「六朝」四方山話

灰人

古代中国・家族用語の基礎知識―①「舅」と「姑」

 「基礎知識」などと言っても、大層なものではなく、論文なども含め、史書を読む際に踏まえておくべき家族用語について、時折見える不正確な訳、敢えて言わせてもらえば、「誤訳」について、その用語の原義を再確認して、多少思うところを述べていきます。

 ある意味では「常識」である故か、解説などもないので、まとめてみました。

 なお、ここで言う「古代中国」は、「六朝」、三國から南北朝時代以前であり、唐代以降については基本的には含まれない事をご了承下さい。


 さて、最初に取り上げるのは、「舅」、それと関連した「姑」について。


 「舅」は「しゅうと」、「姑」は「しゅうとめ」、配偶者、主に夫の父・母、というのは間違いでなく、現代日本語での意味としては正しく、「嫁・姑(の争い)」などは、よく使われる語と言える。

 しかし、辞書的には、「舅」は『說文解字』に「母之兄弟爲舅。妻之父爲外舅。」、『釋名』釋親屬に「母之兄弟曰舅。」、『爾雅』釋親に「母之晜弟爲舅、……妻之父爲外舅。……婦稱夫之父曰舅。」とある様に、妻・夫の父という意味もあるものの、母の兄弟(晜弟)、乃ち「(母方の)おじ」というのが第一義となる。

 一方で、「姑」の場合は『說文解字』に「夫母也。」とあるが、『釋名』釋親屬に「父之姊妹曰姑……夫之母曰姑。」、『爾雅』釋親では「父之姊妹爲姑。……妻之母爲外姑。……(婦)稱夫之母曰姑。」とあり、夫の母というのが原義である様だが、父の姉妹(姊妹)というのが第一義となっている。


 史書に見える「舅」・「姑」は挿話など、口語的な文脈、女性が主語となっている場合には、「しゅうと」・「しゅうとめ」の意味で使われ、例えば、「良吏」曹攄の「寡婦」の一件に見える「姑」は「しゅうとめ」、夫の母でなければ話が通じない。

 だが、具体的な関係が知れる、誰某だれそれの「舅」・「姑」が誰某であるという文脈の場合は、管見の限り、例外無く「おじ」・「おば」の意味で使われている。


 幾つか事例を挙げれば、「六朝」からは外れるが、両漢の交に「新」を立てた王莽の伯父達は元帝皇后王氏の兄弟に当たるが、『漢書』中で彼等を成帝の「帝舅」・「元舅」とする事例は多い。

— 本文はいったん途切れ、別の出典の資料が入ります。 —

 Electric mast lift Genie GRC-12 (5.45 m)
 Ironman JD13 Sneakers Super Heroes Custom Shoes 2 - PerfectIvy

 また、『晉書』外戚傳に「文明皇后之弟」として見える王恂の弟愷は王濟傳(卷四十二王渾傳附)・牽秀傳(卷六十)で「帝舅」とされている。彼等は漢成帝や、「文明皇后」王氏の子である晉武帝の舅(おじ)である。


 これ等は帝室との関係に於ける場合だが、『(北)齊書』魏收傳(卷三十七)に、魏收に「其舅崔孝芬」が見え、更に彼は「收娶其舅女、崔昂之妹」と、「舅女」である崔昂の妹を娶ったとある。この崔昂は崔孝芬の弟孝暐の子であるから、崔孝暐は崔孝芬と共に魏收の舅(おじ)という事になる。尤も、崔孝暐については舅(しゅうと)でもある。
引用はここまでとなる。